Até hoje ainda vêm à memória as lembranças das tias Catarina, Josefa e Suzana naquela velha cozinha cheirando a biscoito de polvilho. Magrinhas, vestidos sóbrios com comprimento na canela e manga três quartos, sapatos de tecido, cabelos longos e grisalhos presos num coque, eram a tradução da simplicidade e da retidão. Solteiras, recatadas, moravam juntas numa casa de paredes brancas e janelas azuis, com quintal amplo onde ganhavam o sustento fazendo polvilho e farinha de milho.
Lembro-me da disposição da cozinha com fogão a lenha perto da janela, chaleira sempre sobre a chapa, uma caixa de fósforos no suporte da parede em formato de mulher de avental, cujo bolso carregava o fogo.

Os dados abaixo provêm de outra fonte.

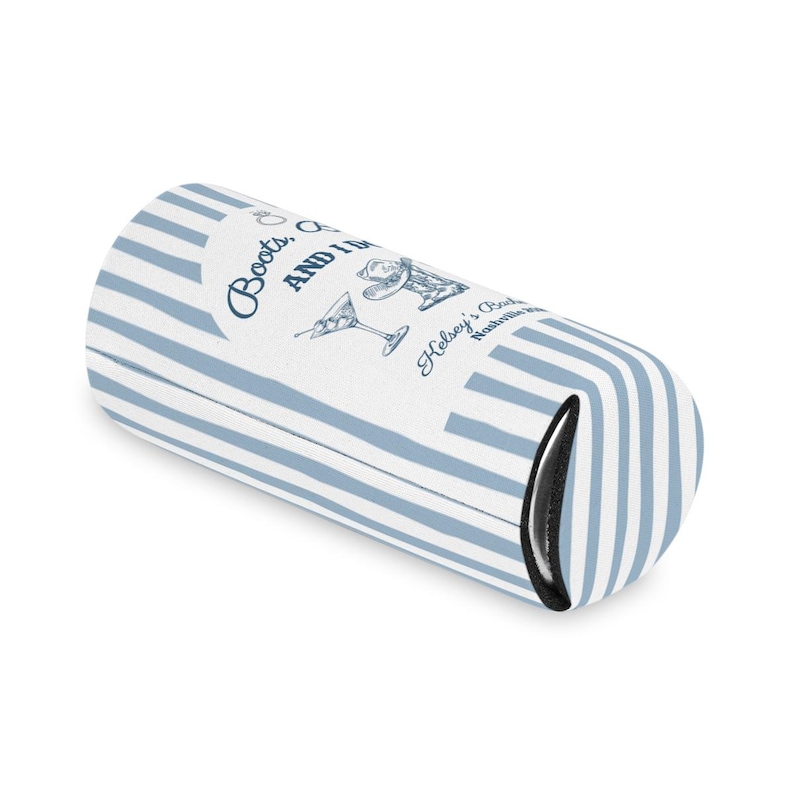 May include: A blue and white striped beverage insulator with the text "Boots, and I'm" and "Helsey's Bar Nashville" printed on it. The insulator has a black interior and a design of a cocktail glass and a woman's hat.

No armário com cristaleira, ficavam as xícaras e outras peças de porcelana estampadas que adorava contemplar. As panelas e outras vasilhas de alumínio brilhavam como espelho penduradas num suporte sobre a pia.
Uma mesa comprida ficava próxima à parede, com um banco e cadeiras, ali era servido o café com biscoitos. Dispostas na parede oposta ao fogão mais algumas cadeiras serviam para os hospedes, que sempre entravam pela porta da cozinha, fossem pessoas da família ou não. A sala de visitas com sofá nunca era usada. Lembro-me de ter me sentado ali apenas no velório das duas tias mais velhas.
Minha mãe tinha admiração e respeito pelas meias irmãs mais velhas, fruto do primeiro casamento de sua mãe, que partiu quando ela ainda tinha 33 anos. Quando perderam a mãe, as três irmãs foram viver nessa casa e passaram a representar um pouco do lar de vó. Isso porque nunca se casaram e suas referências familiares eram os irmãos com os sobrinhos e, mais tarde, os sobrinhos-netos.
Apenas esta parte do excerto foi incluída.